• Aim of the exercise:
Which lines to output? The line containing "Men carry an" and every line after it in the data below, each copied exactly.

• Records to process:
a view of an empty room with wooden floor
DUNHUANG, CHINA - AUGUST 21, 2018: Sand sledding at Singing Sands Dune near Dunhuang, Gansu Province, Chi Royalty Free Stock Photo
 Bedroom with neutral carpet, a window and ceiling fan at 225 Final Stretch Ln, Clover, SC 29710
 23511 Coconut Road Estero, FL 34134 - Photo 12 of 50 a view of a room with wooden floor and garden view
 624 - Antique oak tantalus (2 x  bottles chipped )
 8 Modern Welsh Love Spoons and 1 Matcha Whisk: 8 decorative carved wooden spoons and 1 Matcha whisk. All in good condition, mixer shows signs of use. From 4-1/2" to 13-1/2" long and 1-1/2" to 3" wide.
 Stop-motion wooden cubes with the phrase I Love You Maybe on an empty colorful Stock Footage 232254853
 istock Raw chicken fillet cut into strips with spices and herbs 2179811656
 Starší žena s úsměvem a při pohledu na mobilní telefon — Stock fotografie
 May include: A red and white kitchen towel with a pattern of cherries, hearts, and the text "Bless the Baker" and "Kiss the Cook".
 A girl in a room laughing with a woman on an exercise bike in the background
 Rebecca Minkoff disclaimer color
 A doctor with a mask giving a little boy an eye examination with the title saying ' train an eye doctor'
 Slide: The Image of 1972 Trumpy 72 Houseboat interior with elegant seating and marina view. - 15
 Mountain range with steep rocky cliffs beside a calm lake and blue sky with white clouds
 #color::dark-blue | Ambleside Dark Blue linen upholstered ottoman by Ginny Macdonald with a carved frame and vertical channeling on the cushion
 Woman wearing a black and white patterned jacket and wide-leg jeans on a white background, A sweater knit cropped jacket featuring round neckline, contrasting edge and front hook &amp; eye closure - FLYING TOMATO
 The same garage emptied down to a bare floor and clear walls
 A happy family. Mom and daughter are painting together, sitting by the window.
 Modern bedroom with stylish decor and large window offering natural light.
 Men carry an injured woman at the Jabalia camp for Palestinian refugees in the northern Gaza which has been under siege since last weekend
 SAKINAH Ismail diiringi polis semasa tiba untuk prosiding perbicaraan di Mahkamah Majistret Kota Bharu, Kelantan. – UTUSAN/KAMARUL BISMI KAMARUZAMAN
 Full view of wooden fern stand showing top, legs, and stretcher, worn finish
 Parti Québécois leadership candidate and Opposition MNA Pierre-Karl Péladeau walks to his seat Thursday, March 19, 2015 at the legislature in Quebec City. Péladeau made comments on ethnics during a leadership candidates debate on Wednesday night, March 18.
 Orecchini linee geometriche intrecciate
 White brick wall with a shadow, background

• Solution to this exercise:
 Men carry an injured woman at the Jabalia camp for Palestinian refugees in the northern Gaza which has been under siege since last weekend
 SAKINAH Ismail diiringi polis semasa tiba untuk prosiding perbicaraan di Mahkamah Majistret Kota Bharu, Kelantan. – UTUSAN/KAMARUL BISMI KAMARUZAMAN
 Full view of wooden fern stand showing top, legs, and stretcher, worn finish
 Parti Québécois leadership candidate and Opposition MNA Pierre-Karl Péladeau walks to his seat Thursday, March 19, 2015 at the legislature in Quebec City. Péladeau made comments on ethnics during a leadership candidates debate on Wednesday night, March 18.
 Orecchini linee geometriche intrecciate
 White brick wall with a shadow, background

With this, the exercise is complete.